The lines running from the one that contains "Синий Тесла Модель" to the end of the records below are what to reproduce, exactly and without pictures.

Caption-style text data
+ + + + +

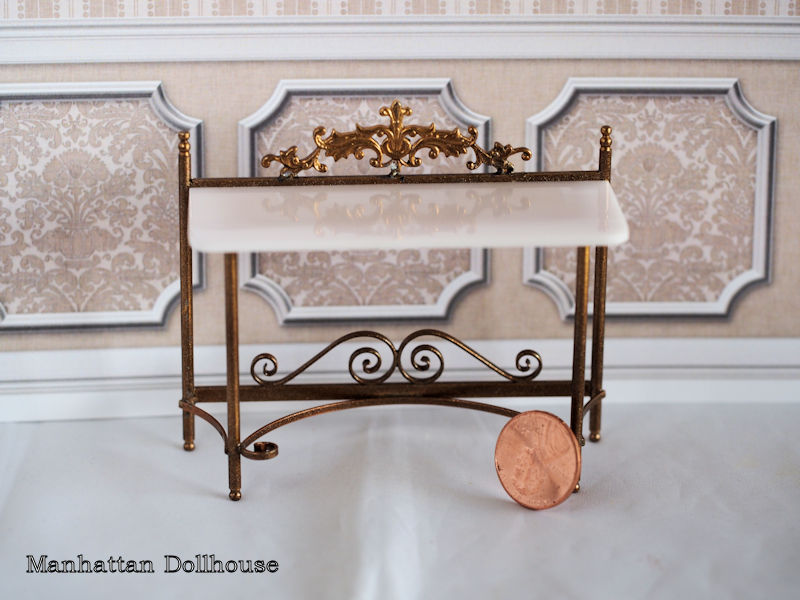 J. Getzan Bronze Console Table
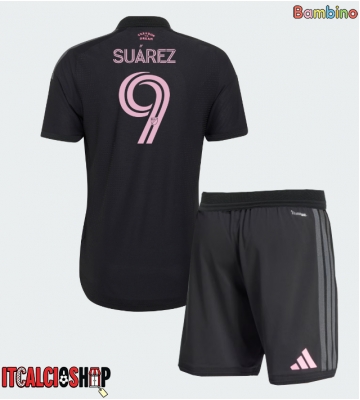 Inter Miami Luis Suarez #9 Seconda Maglia Bambino 2026-27 Manica Corta (+ Pantaloni corti)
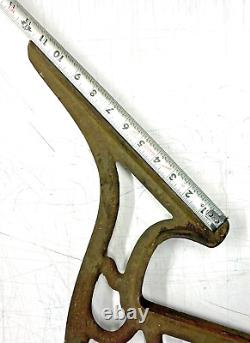 Set of Letterpress Hamilton Type Cabinet Cast Iron Brackets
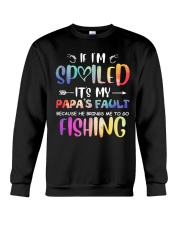 My papa brings me to go FISHING Crewneck Sweatshirt thumbnail
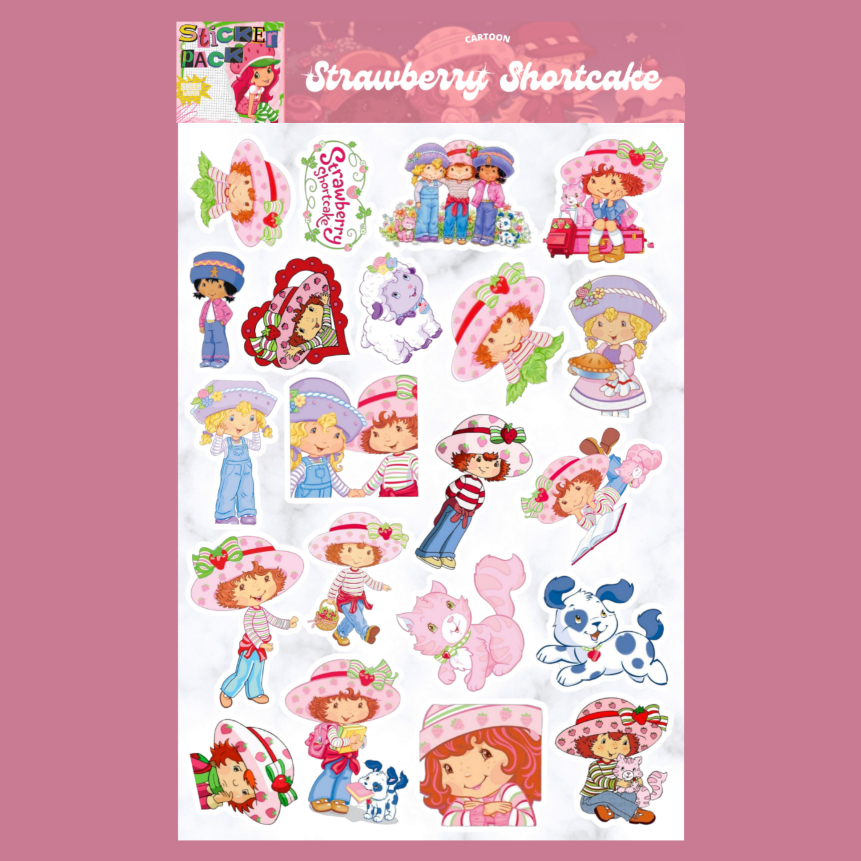 

Strawberry Shortcake Sticker Sheet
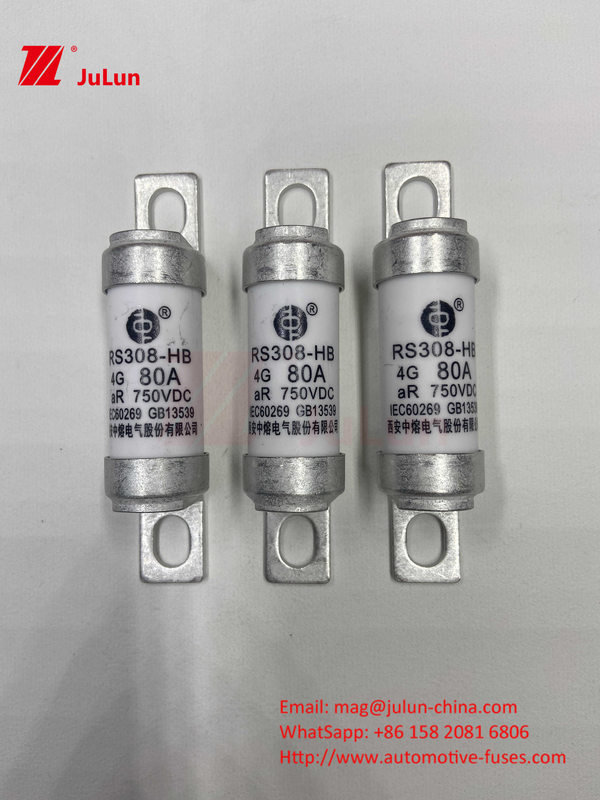 تبدیل قدرت 63A 15A 30A 25A 100A 50A EV FUSEDC750V ولتاژ نامی فیوز برقی خودرو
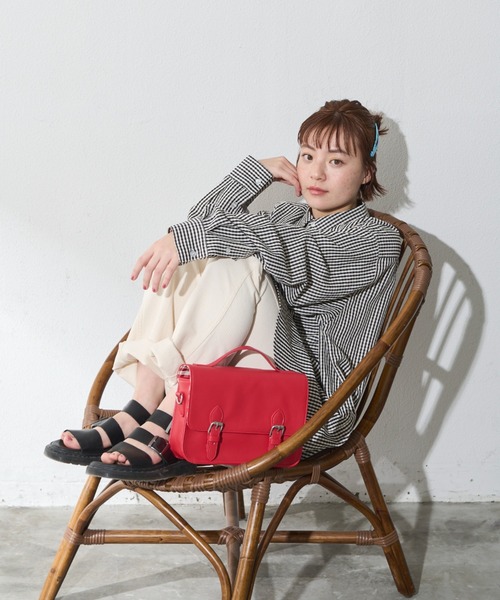 MERLOT（メルロー）の「ceriseアソートビッグシャツ（シャツ/ブラウス・レディース・イエロー/ブラック/ブルー・FREE）」の16枚目の写真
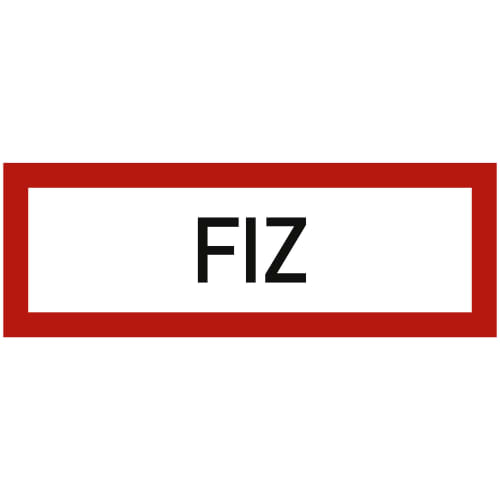 Brandschutzschild FIZ (Feuerwehr-Informationszentrale) nach DIN 4066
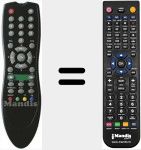 Ersatzfernbedienung f&uuml;r RCTX10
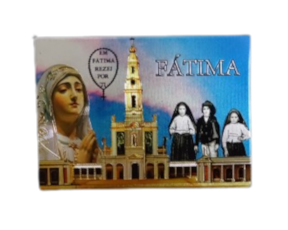 Magnético de borracha (brilhante) motivo Fátima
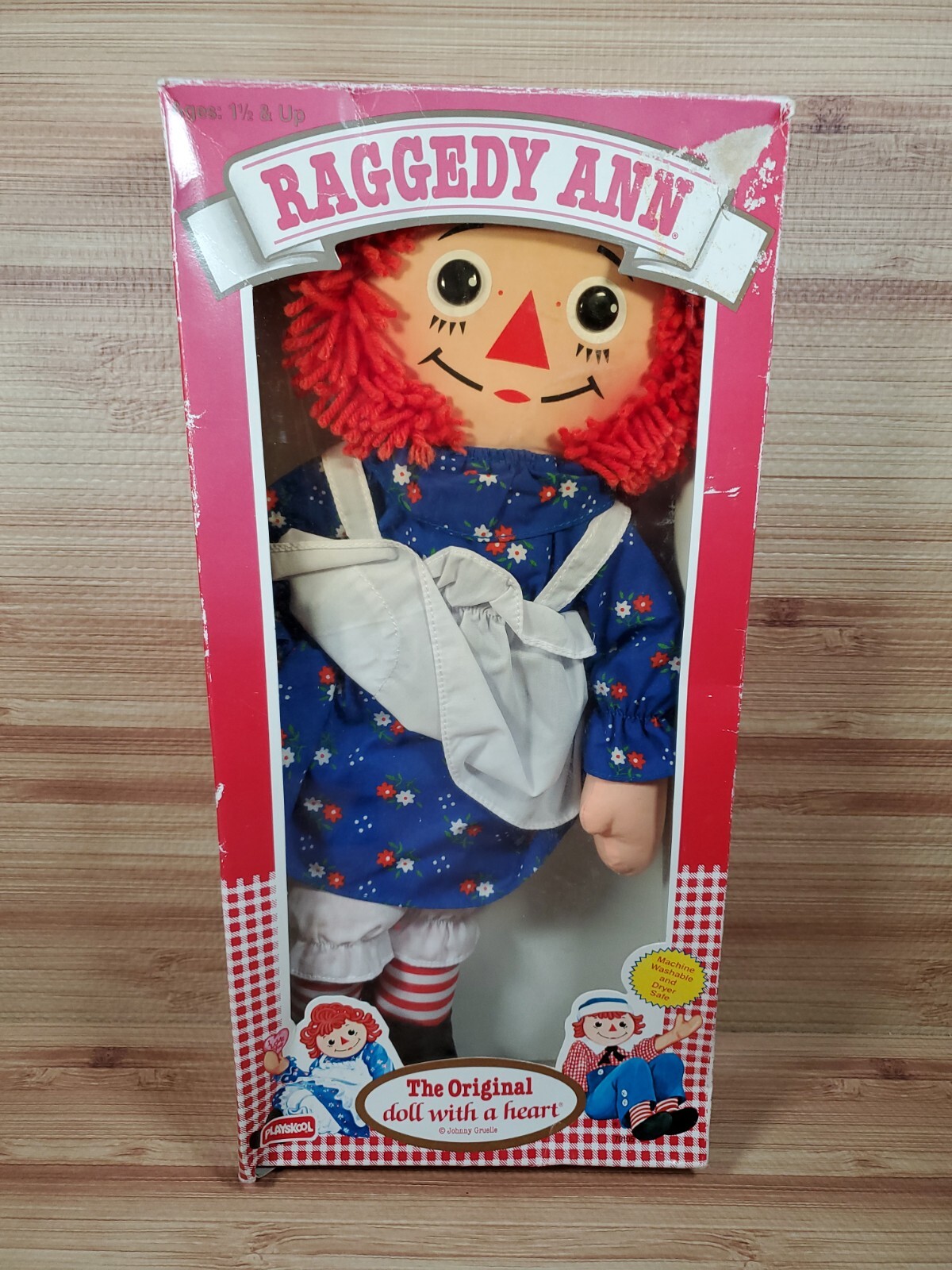 Vintage Raggedy Ann 17 Inch Doll 1989 Playskool eBay
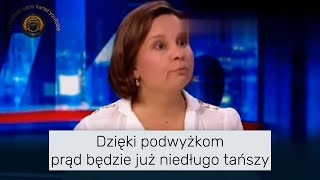 Ministressa Zielińska obniży ceny prądu przez ich podwyższenie [upl. by Adiarf]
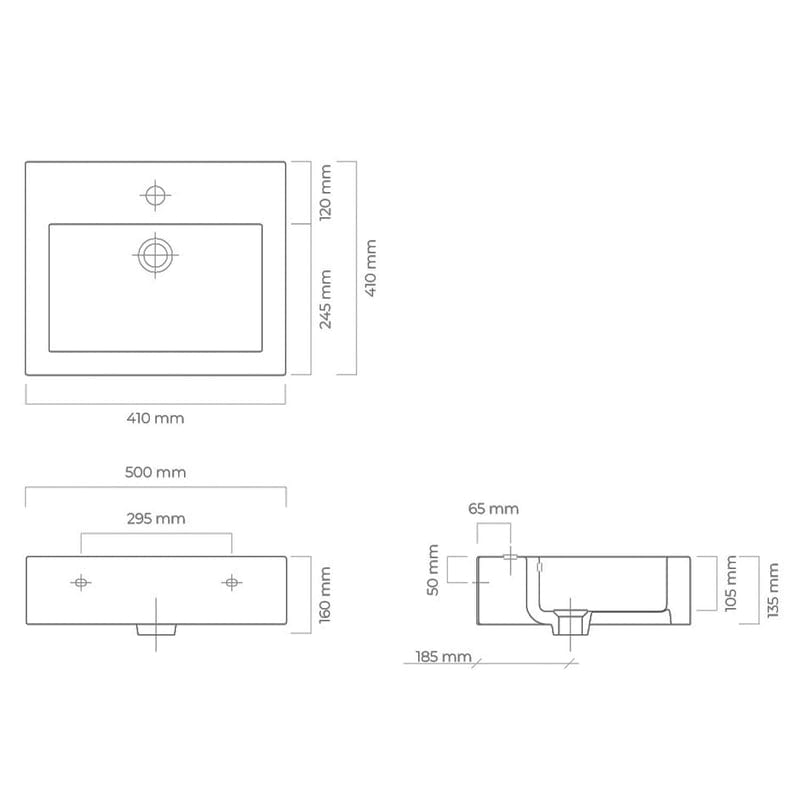 OLTENS Susa Waschbecken 50 x 41 cm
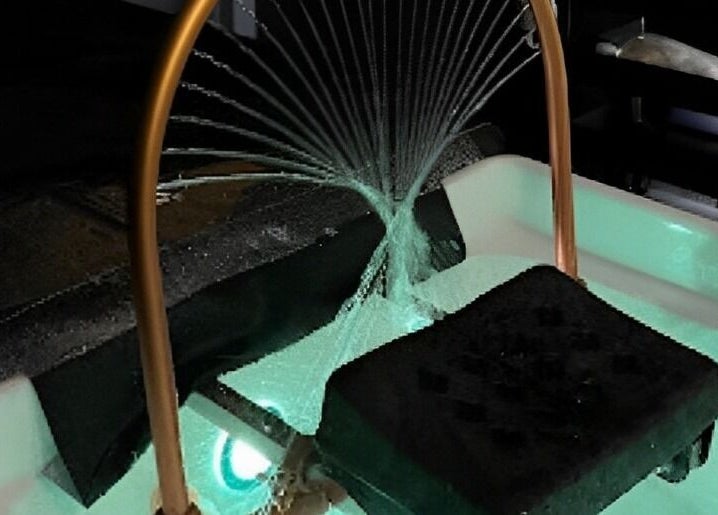 Luxurious foot spa at NoonaLash Laman Areca, Nilai, Negeri Sembilan, MY. Experience ultimate relaxation.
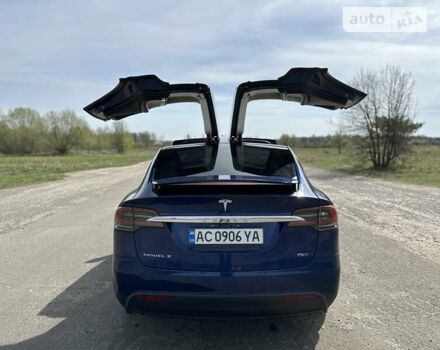 Синий Тесла Модель Х, объемом двигателя 0 л и пробегом 129 тыс. км за 29500 $, фото 11 на Automoto.ua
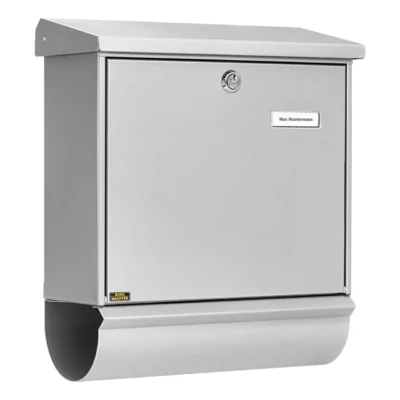 Burg-Wächter | Brievenbus | Wandbrievenbus Comfort-Set | Zilver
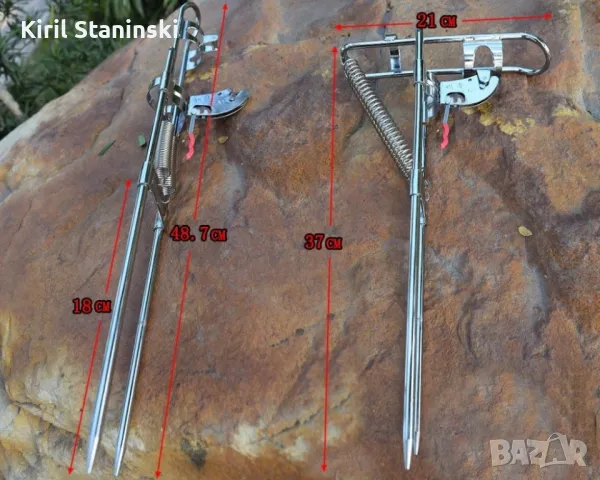 Автоматичен държач за въдица с двойна пружина от неръждаема стомана, снимка 4 - Въдици - 47807773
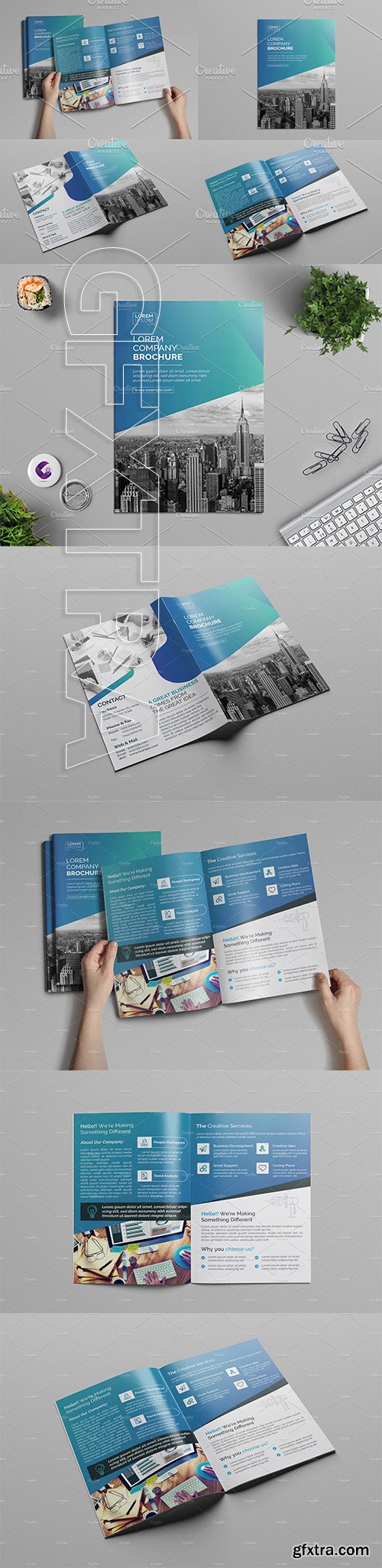 CreativeMarket - Bi-Fold Brochure 2848665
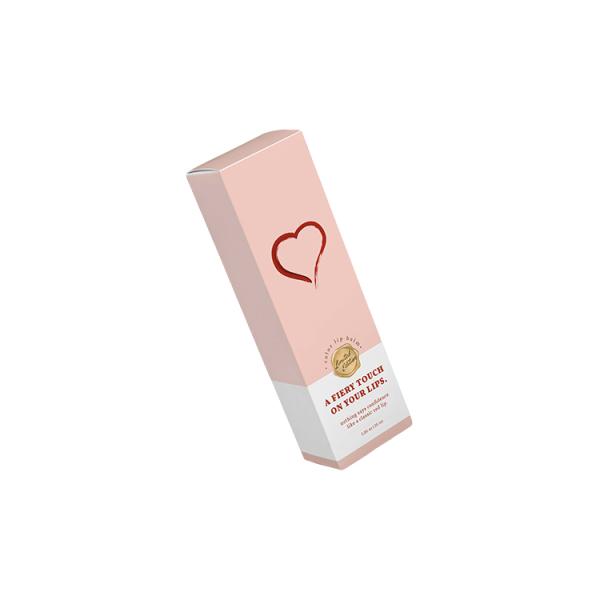 На заказ логотип перерабатывать роскошный макияж папка косметическая помада губный глянс трубка упаковка бумажная коробка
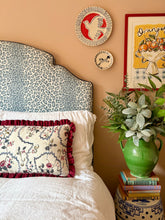 Load image into Gallery viewer, Floral Embroidery + Maroon Frill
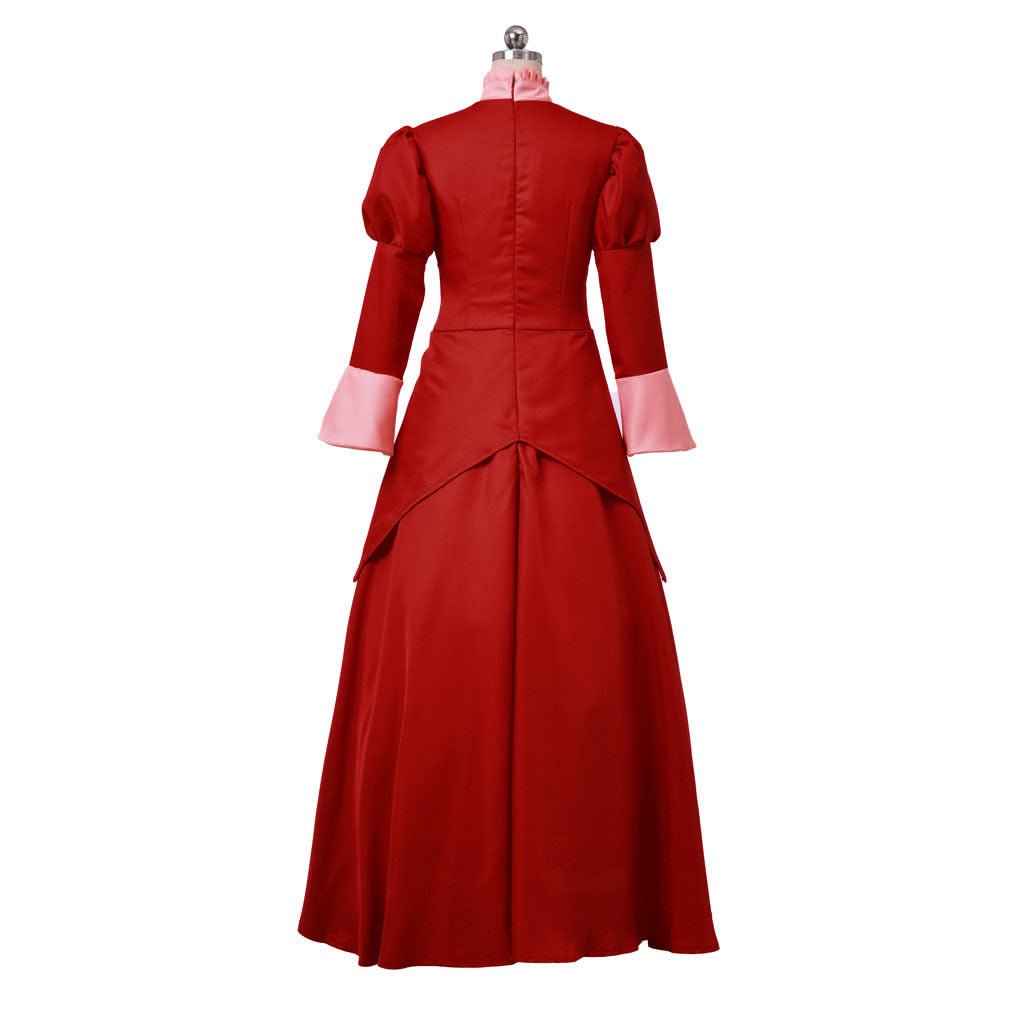 Disfraz de Lady Tremaine | Vestido de Reina Roja para Mujer | Traje para Halloween y Serie Disney - Fantasia Cosera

+ + + + +

§ Exercise answer:
 Синий Тесла Модель Х, объемом двигателя 0 л и пробегом 129 тыс. км за 29500 $, фото 11 на Automoto.ua
 Burg-Wächter | Brievenbus | Wandbrievenbus Comfort-Set | Zilver
 Автоматичен държач за въдица с двойна пружина от неръждаема стомана, снимка 4 - Въдици - 47807773
 CreativeMarket - Bi-Fold Brochure 2848665
 На заказ логотип перерабатывать роскошный макияж папка косметическая помада губный глянс трубка упаковка бумажная коробка
 Load image into Gallery viewer, Floral Embroidery + Maroon Frill
 Disfraz de Lady Tremaine | Vestido de Reina Roja para Mujer | Traje para Halloween y Serie Disney - Fantasia Cosera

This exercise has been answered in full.